Fantasy Baseball First Base Player Spotlight: Jose Abreu
Ray Kuhn breaks down Jose Abreu and what to expect from him for the 2023 season.
When drafting a fantasy baseball team, it is often helpful to break each position down into multiple tiers. While this does require some work, especially in the case of first base, it often takes place organically within the ADP. Everyone knows the top five first baseman for 2023 are Vladimir Guerrero Jr., Pete Alonso, Freddie Freeman, Paul Goldschmidt, and Matt Olson, but then what? There are two exciting young options in Vinnie Pasquantino and Nathaniel Lowe, but what happens between those groups? This is where the Houston Astros’ new addition of Jose Abreu very easily gets lost.
Jose Abreu, Houston Astros
After Olson comes off the board with an NFBC ADP of 41 (in drafts from February 1st through March 11th) there is then a long drought until we get to Abreu’s ADP of 87. If you do miss out on the top five first baseman, you could very easily see there is a larger differential between Olson and the top four than we are currently seeing, then there is no need to fret as you can continue addressing other areas of your team for the next few rounds.
There are a few factors working against Abreu, perhaps most notably his age and lack of upside as we have already seen the best he has to offer, but is there anything wrong with that? At this point in his career, Abreu has proven to be quite the capable run producer and consistent performer. Now in his new home, the veteran joins the best lineup he has ever been a part of with the Astros, so it only stands to reason that his success will continue.
After hitting 30 home runs in 2021 to go along with his 117 RBI and a solid .261 batting average, Abreu took a step back last year in the power department as he finished with just 15 home runs and 75 RBI although his batting average did jump up to .304. Seeing that regression, along with the fact that Abreu is now closer to 40 than 30 helped to contribute a sense of caution on him entering 2023.
While we do not want to subscribe to or rely on groupthink, NFBC drafts are often a good sample size of how we should be thinking directionally, so it is interesting to see Abreu still being drafted ahead of Pasquantino and Lowe.
Upon first glance, aside from the proven track record of success, it is hard to get truly behind Abreu and his 9.5%-barrel rate and eight-degree average launch angle from last season.
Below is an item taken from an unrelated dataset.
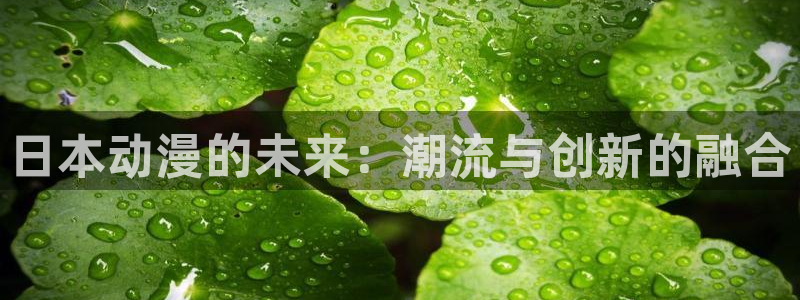囧次元大全：日本动漫的未来：潮流与创新的融合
Historically though, Abreu stood out in either category with non-shortened season highs of 12% and 12.2 degrees, respectively. Yes, each of those metrics did suffer a decrease, but it is still not too far off from what Abreu had previously established.
Following a surface glance though, things do look better for Abreu as there is certainly some optimism to be found. While Abreu did hit just 15 home runs last year, the first baseman had an expected home run total of 18 and that mark then jumps to 22 when you look at him based on Houston’s home park.
With a hard-hit rate of 51.8% which was in the 97th percentile last year, it certainly does make you think twice about what Abreu can do at the plate. When we dig into some other metrics for Abreu, it really should not surprise you why he is being drafted where he is and also why the Astros made pursuing him such a priority this offseason:
- Maximum Exit Velocity of 113 miles per hour which was in the 89th percentile
- Average Exit Velocity of 92.2 miles per hour which was in the 93rd percentile
- An xBA of .296 which finished in the 98th percentile
- An xSLG of .486 which was in the 92nd percentile
Additionally, Abreu’s approach at the plate remained sound as his Chase Rate decreased to 29.8% in 2022. There is still a lot left in the tank for Abreu while you want to make your own evaluations on players, sometimes following the crowd of your fellow drafters and also one of the more educated major league teams who are both pursuing him.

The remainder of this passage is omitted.